Importantly, in light of the numbers of genomic polymorphisms detectable by WGS that were able to distinguish strains deemed identical by PFGE (Tables 3 and 4), we conclude that PFGE is prone to false-positive results (i.e., to declaring genomically distinct strains to be clonally related). In the analysis of A. baumannii isolates, PFGE also demonstrated results that are consistent with false negatives (strains which are essentially genomically identical but which are classified as different from one another). In the context of infection control, either kind of erroneous result would carry adverse consequences. False-negative results would prevent the identification of true outbreaks, an obvious threat to patient well-being. False-positive results may conversely indicate an outbreak or nosocomial transmission when there is actually none, resulting in unnecessary patient isolation and other interventions (54). Such risks are not merely hypothetical: recent work suggests that most MRSA infections observed in hospitals are not the result of nosocomial transmission but rather originate from independent infections by distinct strains (29, 33), a conclusion which is anecdotally consistent with the investigation of a suspected MRSA outbreak in this study (Table 4). Similar patterns have been reported for Clostridium difficile infections (55).

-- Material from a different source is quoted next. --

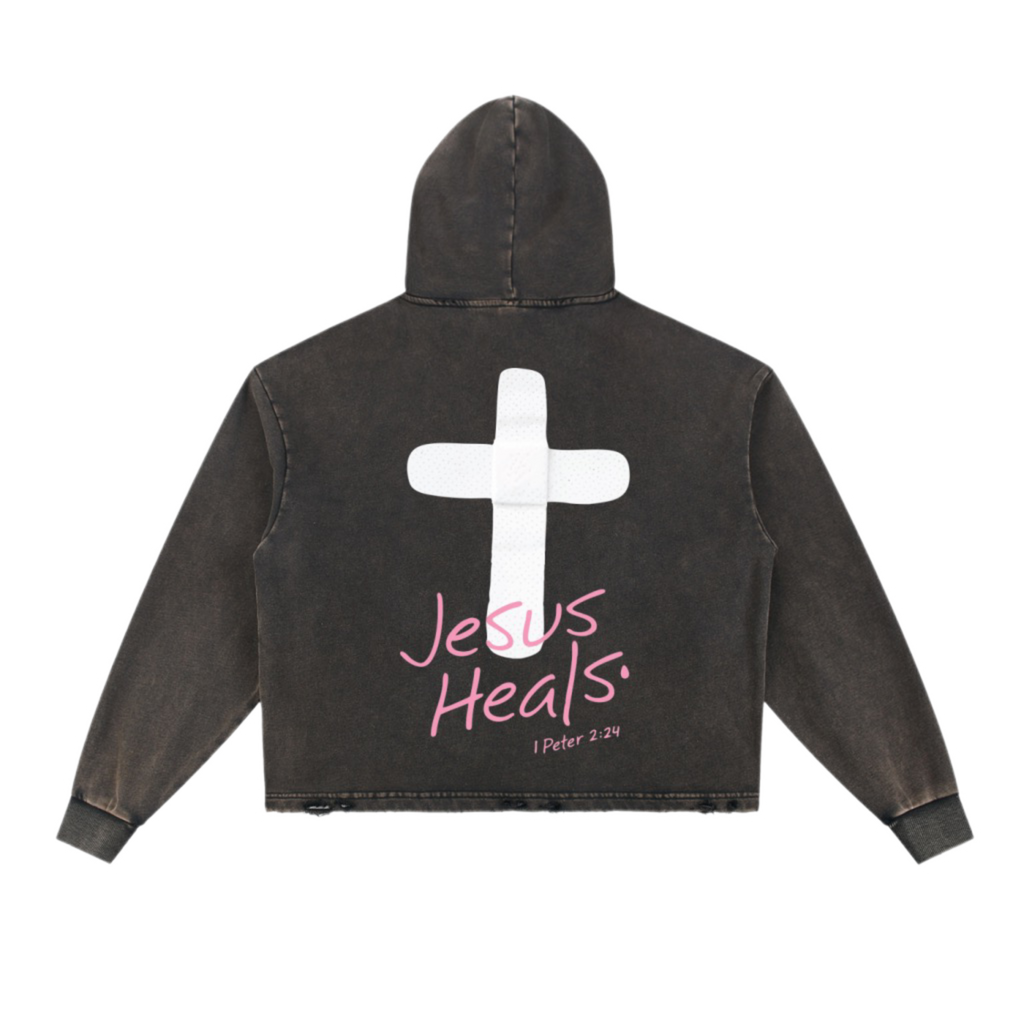 Jesus Heals Vintage Washed Frayed-Hem Hoodie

Given these results, we argue that WGS should replace PFGE as the gold standard method for bacterial strain typing in molecular epidemiology applications. Analytically, WGS appears to offer superior resolution of strain types and is less prone to false-positive and false-negative findings. Further, genomic differences distinguishing strains can be precisely measured and are highly reproducible, allowing high-resolution inference of phylogenomic relationships (see Fig. S1 in the supplemental material) and of the sequence of transmission events. There are additional practical benefits and considerations. The digital nature of sequencing data allows sharing of sequence information among laboratories, potentially enabling a system capable of identifying large-scale outbreaks analogous to existing PFGE databases such as PulseNet (6). Genomic-sequencing libraries are prepared with protocols similar to current PCR-based strain typing protocols (52), requiring less technical skill than PFGE. WGS can enable exploration of isolates' virulence genes, antibiotic resistance mechanisms, and other medically relevant factors (56), concordantly with molecular epidemiology investigation. The per-sample cost of next-generation sequencing drops rapidly when amortized over even a modest number of specimens: here, up to 30 isolates were multiplexed for a total per-sample reagent cost of ∼$35. WGS and analysis can be completed rapidly and are likely to become more rapid (57), potentially enabling real-time epidemiological investigations: the methods implemented here are compatible with a turnaround time of 3 working days, and the computational analysis methods implemented here are scalable to encompass even large numbers of specimens. Although present barriers to the universal adoption of WGS by clinical laboratories include relatively high costs of instrumentation and a lack of bioinformatic expertise (52, 58), these beneficial capabilities of WGS will potentially enable epidemiological investigation of bacterial outbreaks in real time and with an unprecedented ability to define strain relationships, significantly impacting the practice of infection control and patient outcomes and justifying the additional efforts required for its implementation.